"A verdade será sempre um escândalo". (In Adriano, M. Yourcenar)

"Quero imaginar sob que novos traços o despotismo poderia produzir-se no mundo... Depois de ter colhido em suas mãos poderosas cada indivíduo e de moldá-los a seu gosto, o soberno estende seus braços sobre toda a sociedade... Não quebra as vontades, mas as amolece, submete e dirige... Raramente força a agir, mas opõe-se sem cessar a que se aja; não destrói, impede que se nasça; não tiraniza, incomoda, oprime, extingue, abestalha e reduz enfim cada nação a não ser mais que um rebanho de animais tímidos, do qual o governo é o pastor. (...)
A imprensa é, por excelência, o instrumento democrático da liberdade."
Alexis de Tocqueville (1805-1859)



sexta-feira, 26 de abril de 2013

"BRINCANDO DE DESMONTAR A ORDEM INSTITUCIONAL"


Uma proposta “aloprada” da Comissão de Constituição e Justiça da Câmara deixa à mostra a leviandade com que certos projetos são arquitetados
Não nasceu sob um signo favorável a Proposta de Emenda Constitucional (PEC) que pretende limitar os poderes do Supremo Tribunal Federal. Segundo o líder do PT na Câmara, José Guimarães, a proposta “não é assunto do partido, e a matéria não foi discutida na bancada”.

O presidente da Casa, deputado Henrique Alves , declarou que a decisão da Comissão de Constituição e Justiça foi “inusitada”, e que não instalará a comissão especial encarregada do assunto enquanto não tiver “uma definição muito clara do que é o respeito e a harmonia dos poderes”.

Sábias palavras, ecoadas pelo vice-presidente da República, Michel Temer, para quem “houve uma demasia. A palavra última há de ser sempre a do Poder Judiciário, especialmente em matéria de constitucionalidade”.

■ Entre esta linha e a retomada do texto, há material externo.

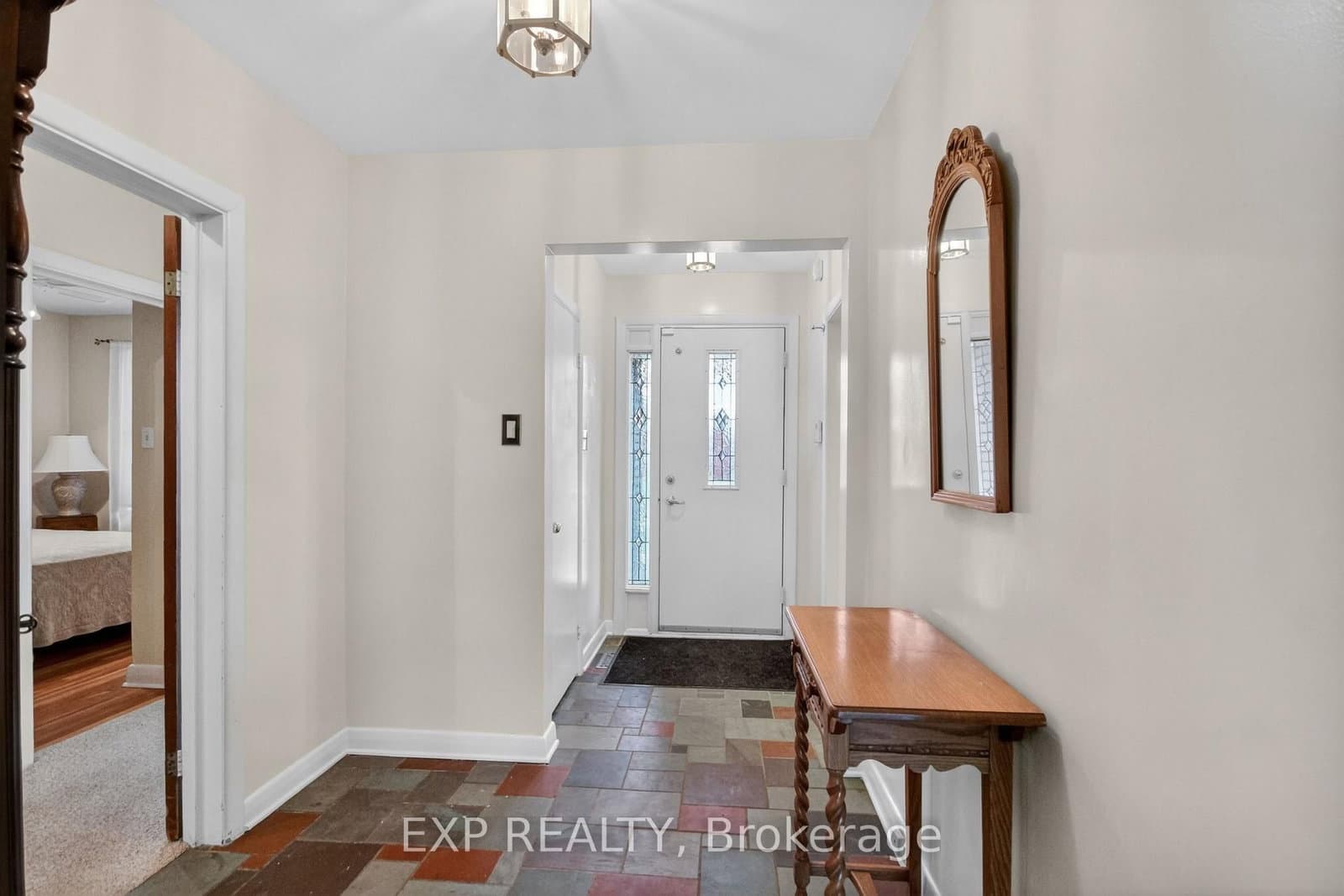632 Chadburn Avenue, Ottawa, ON — photo 2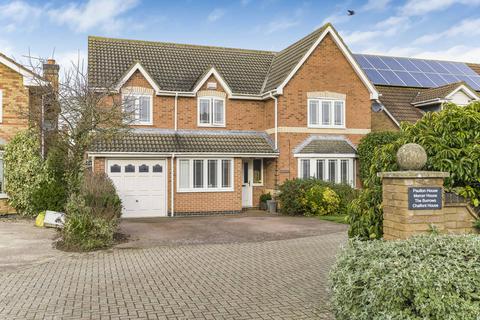 5 bedroom detached house for sale, Peregrine Way, Bicester, OX26
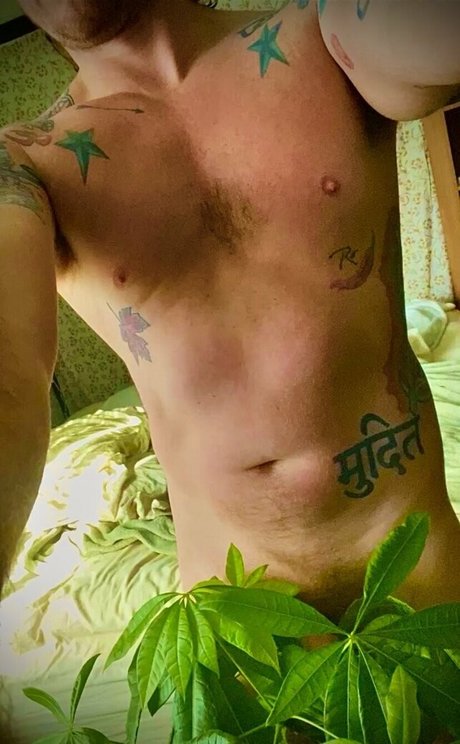 fillingdesire Quick model image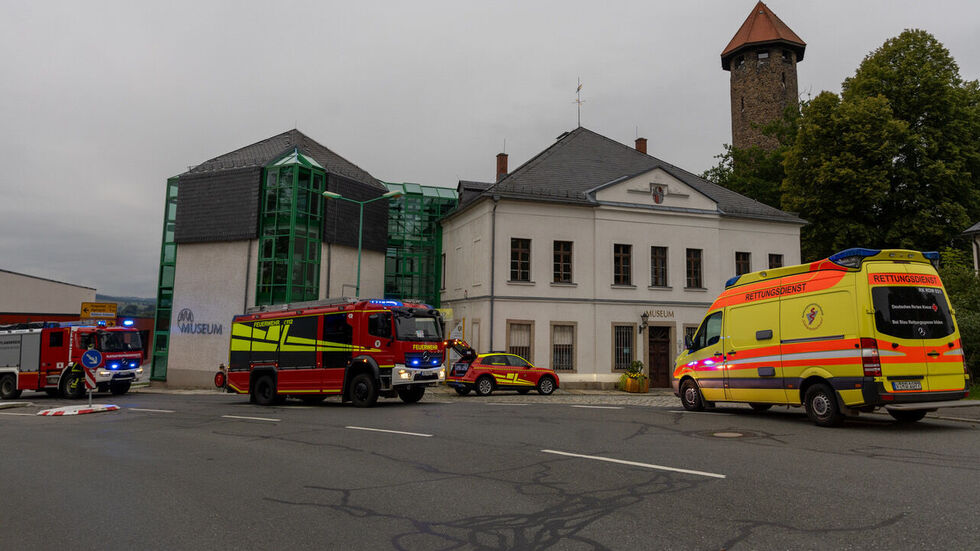 Wegen eines Fehlalarms ging es am Montagabend für die Feuerwehren u.a. zum Museum in Auerbach.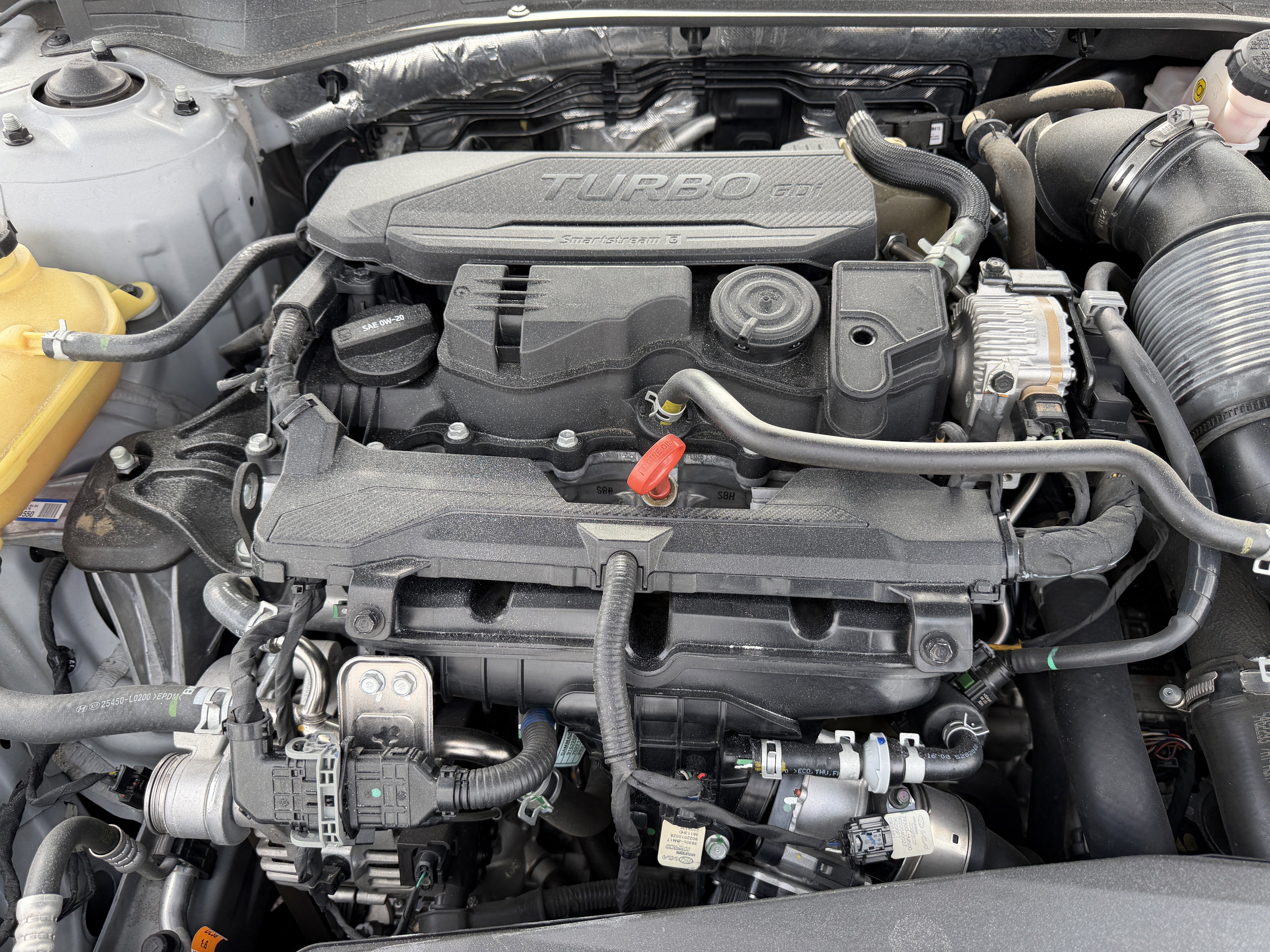 Used 2023 Wolf Gray Kia GT-Line image 28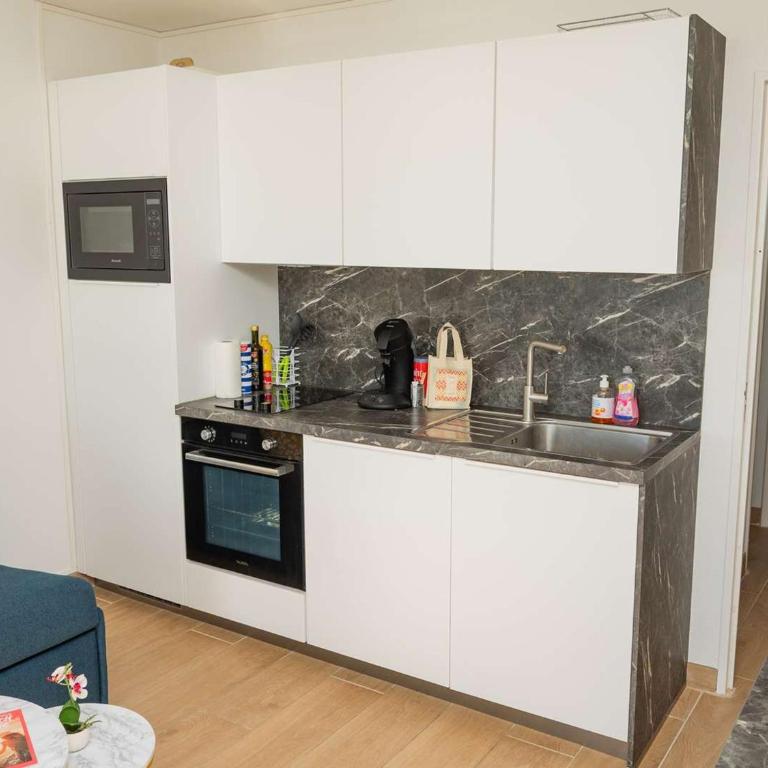 Appartement moderne avec climatisation, balcon et parking - FR-1-696-63 - Apartment - 9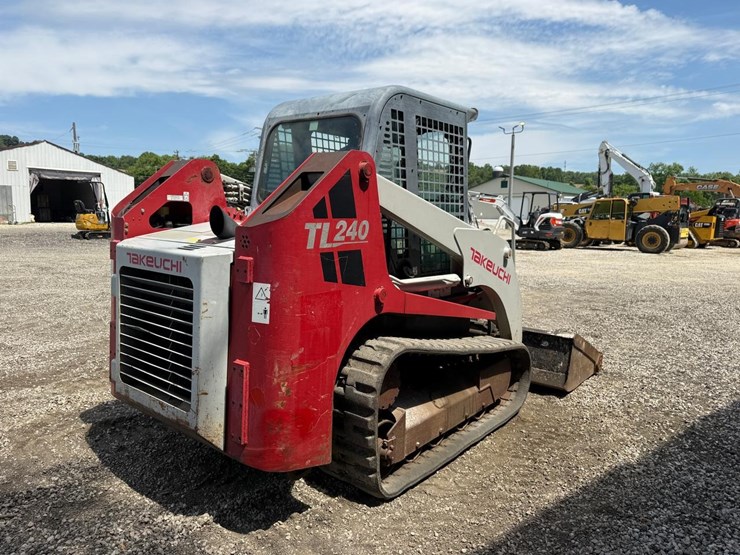 takeuchi-tl240-image-4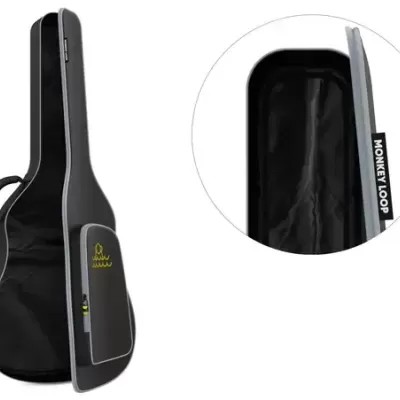 Capa de guitarra preta com bolso e etiqueta MONKEY LOOP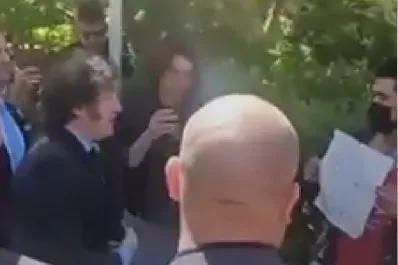 Video: Milei se cruzó con manifestantes pro palestina en EEUU que le gritaron fascista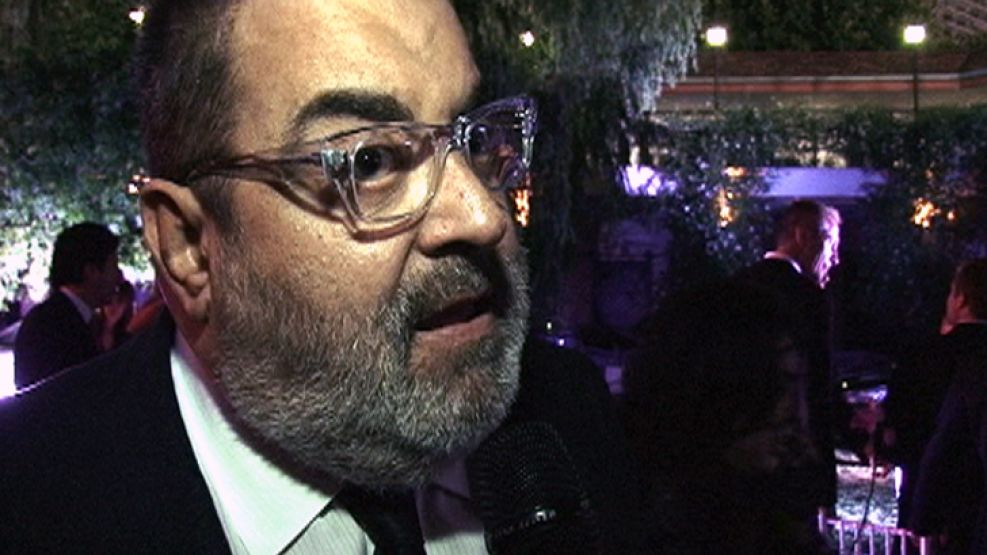 Jorge Lanata habló con Perfil.com durante la gala aniversario de la revista Caras.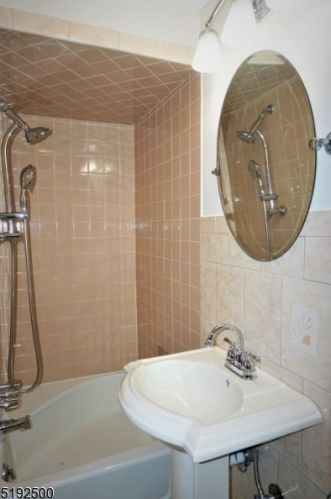 87 Brg St, Belleville NJ 07109-2429 exterior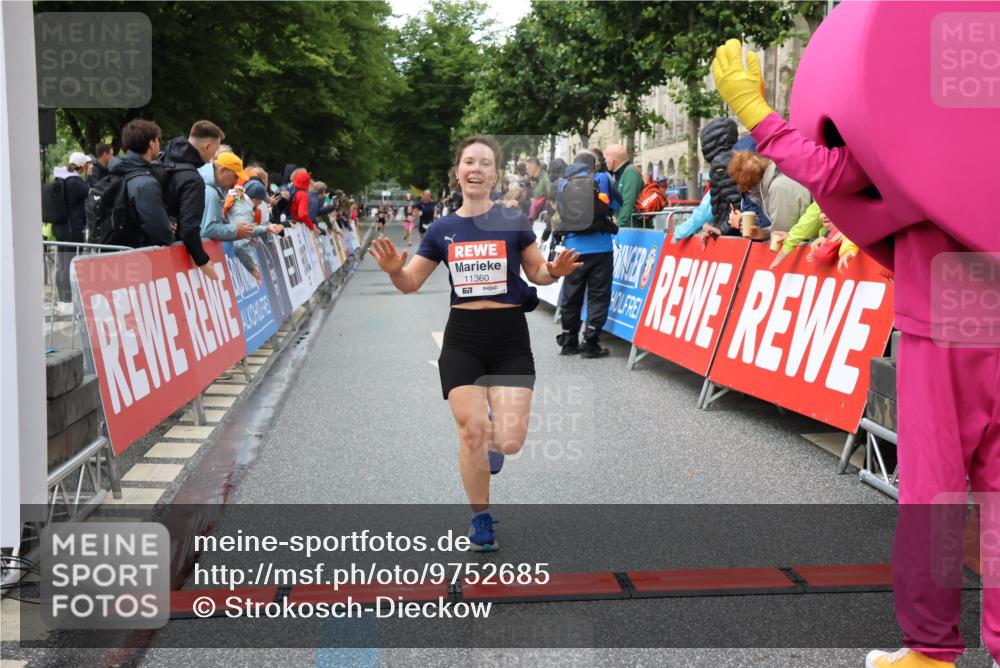 14.06.2026 - REWE Women's Run Strokosch-Dieckow http://msf.ph/oto/9752685 14.06.2026 09:49:25 Ziel 10741, 11360 meine-sportfotos.de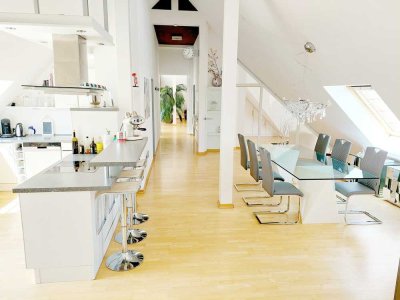 Exklusive Stadtmaisonette mit Loftcharakter (möbliert)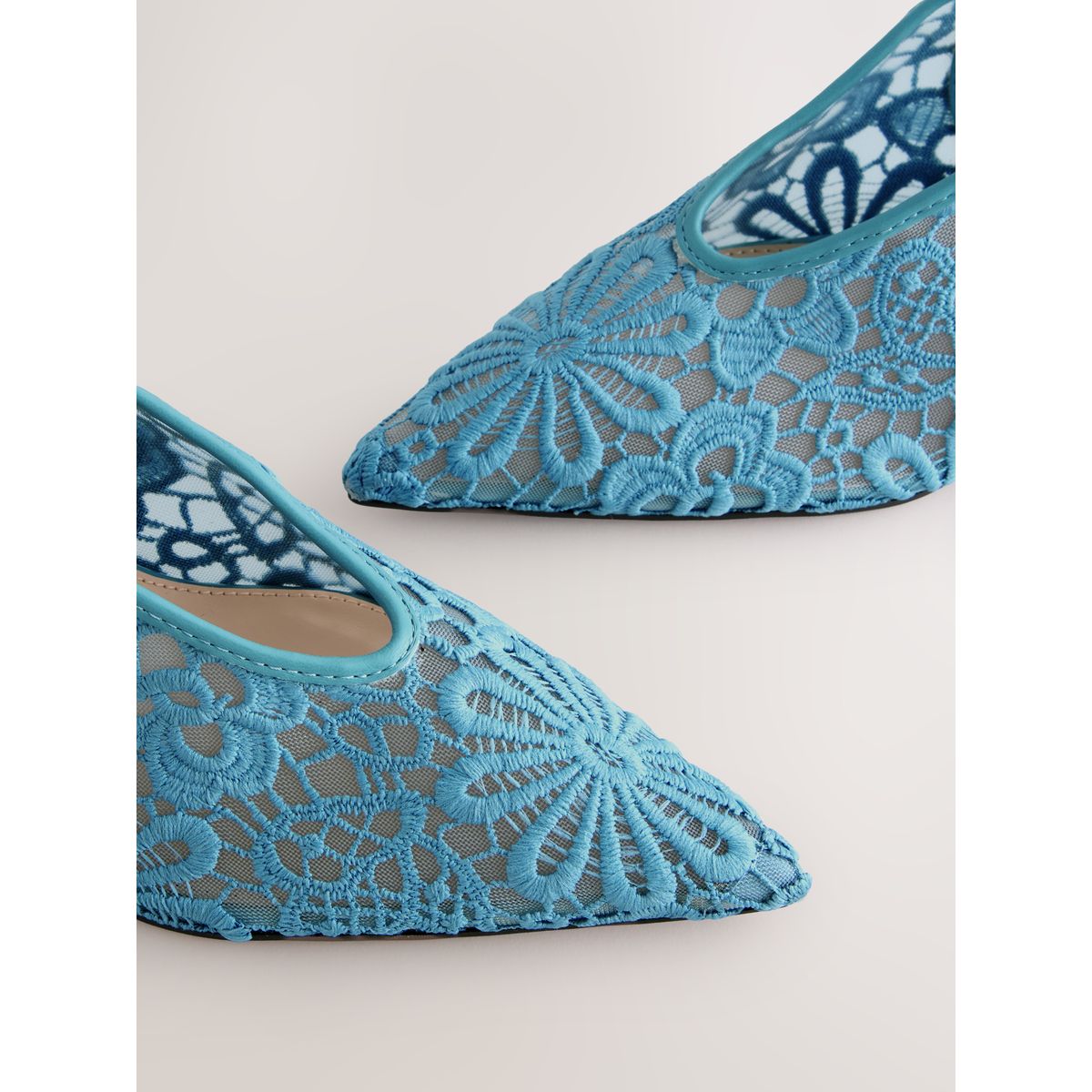 Chaussures à talons, bout pointu et bride bleu, NEXT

Entraram, assim, em ação os bombeiros, o que é consolador, mas sem que se desfaça totalmente o clima criado pela proposta “inusitada” da CCJ da Câmara. De um dia para a noite, sem discussão, tira-se da cartola uma armação destinada a tolher as ações do Supremo. Qual sua origem? Uma comissão da Câmara de que fazem parte dois “mensaleiros” e um político que, se sair do Brasil, será preso pela Interpol.

A PEC aprovada por unanimidade pela CCJ estabelece que, quando o STF declarar a inconstitucionalidade de emendas à Constituição aprovadas pelo Congresso, isso não produzirá efeito imediato. A decisão da Corte será submetida à apreciação do Congresso. Se deputados e senadores votarem contra a decisão do STF, recorre-se à consulta popular.

Assim, com uma penada, revoga-se o ordenamento jurídico do país, baseado na separação dos poderes, e entra-se no terreno da “democracia popular” tão estimada por esquemas como o chavismo e o kirchnerismo (que acaba de enfiar goela abaixo do seu Congresso uma proposta nesses moldes).

Não é preciso muito esforço (bastando examinar a composição da CCJ) para ver nessa proposta, que parece natimorta, mais um dos movimentos de reação ao julgamento do “mensalão”. Quer-se, de todos os modos, castigar o Supremo por ter cumprido o seu papel.

Um dos argumentos para isso é dizer que o Supremo vai além das suas atribuições. Uma das peculiaridades do nosso sistema institucional é uma Constituição detalhista, carregada de regulações que poderiam caber perfeitamente em leis ordinárias. Enquanto essa situação perdurar, o STF estará mesmo um pouco por toda parte, sobrecarregado de atribuições. Mas isso não lhe retira o papel de fiel da balança no jogo dos três poderes.

Basta examinar com cuidado o julgamento do “mensalão” para verificar que ali existiram, em doses generosas, o trabalho sério e o discernimento que parecem estar longe do alcance da CCJ da Câmara.